--- About this task ---
Check every line of the entries below for the word "Solar", and copy the ones that have it.

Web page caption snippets
Segment Open

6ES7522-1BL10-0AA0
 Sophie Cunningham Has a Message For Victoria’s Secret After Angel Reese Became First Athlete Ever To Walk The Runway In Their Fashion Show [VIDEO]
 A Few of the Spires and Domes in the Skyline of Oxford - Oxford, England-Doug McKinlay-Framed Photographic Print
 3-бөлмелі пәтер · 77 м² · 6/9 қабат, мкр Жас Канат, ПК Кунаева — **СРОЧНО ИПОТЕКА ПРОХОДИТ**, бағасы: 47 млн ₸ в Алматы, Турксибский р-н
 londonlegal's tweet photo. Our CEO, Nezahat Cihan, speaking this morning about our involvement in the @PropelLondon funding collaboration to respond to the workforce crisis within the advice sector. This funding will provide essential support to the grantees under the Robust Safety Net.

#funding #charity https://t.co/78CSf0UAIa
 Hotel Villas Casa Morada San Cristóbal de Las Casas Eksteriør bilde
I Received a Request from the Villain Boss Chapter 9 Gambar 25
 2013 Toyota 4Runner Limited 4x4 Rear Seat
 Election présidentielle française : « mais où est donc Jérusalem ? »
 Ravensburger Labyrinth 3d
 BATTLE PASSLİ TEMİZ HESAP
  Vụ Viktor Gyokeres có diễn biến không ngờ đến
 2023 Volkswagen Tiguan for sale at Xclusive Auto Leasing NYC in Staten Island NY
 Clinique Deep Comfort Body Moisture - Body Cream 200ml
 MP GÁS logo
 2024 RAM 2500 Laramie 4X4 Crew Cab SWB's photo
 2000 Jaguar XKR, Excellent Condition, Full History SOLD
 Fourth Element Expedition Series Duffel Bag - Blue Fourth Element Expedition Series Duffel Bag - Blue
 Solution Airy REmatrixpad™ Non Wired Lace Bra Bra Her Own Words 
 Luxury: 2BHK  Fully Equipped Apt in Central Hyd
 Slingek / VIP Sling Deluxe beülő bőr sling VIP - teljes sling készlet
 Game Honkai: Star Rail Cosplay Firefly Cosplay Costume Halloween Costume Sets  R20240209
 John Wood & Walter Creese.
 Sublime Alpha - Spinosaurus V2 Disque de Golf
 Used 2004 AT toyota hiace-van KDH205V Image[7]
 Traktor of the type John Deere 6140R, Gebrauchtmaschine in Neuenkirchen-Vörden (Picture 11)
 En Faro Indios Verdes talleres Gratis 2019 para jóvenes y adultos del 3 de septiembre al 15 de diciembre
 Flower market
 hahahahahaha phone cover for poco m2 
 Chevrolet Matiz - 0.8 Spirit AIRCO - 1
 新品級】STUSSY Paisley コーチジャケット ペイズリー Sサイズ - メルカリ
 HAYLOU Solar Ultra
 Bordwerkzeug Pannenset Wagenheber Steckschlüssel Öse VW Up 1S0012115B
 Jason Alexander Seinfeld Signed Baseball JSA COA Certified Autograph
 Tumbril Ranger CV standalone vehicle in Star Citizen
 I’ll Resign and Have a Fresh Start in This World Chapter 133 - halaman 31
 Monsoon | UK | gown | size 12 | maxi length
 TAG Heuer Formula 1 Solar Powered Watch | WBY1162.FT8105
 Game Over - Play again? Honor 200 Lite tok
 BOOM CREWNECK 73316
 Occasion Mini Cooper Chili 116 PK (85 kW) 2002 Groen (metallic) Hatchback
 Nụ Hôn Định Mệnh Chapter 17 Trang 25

Segment Closed

--- Output for this exercise ---
 HAYLOU Solar Ultra
 TAG Heuer Formula 1 Solar Powered Watch | WBY1162.FT8105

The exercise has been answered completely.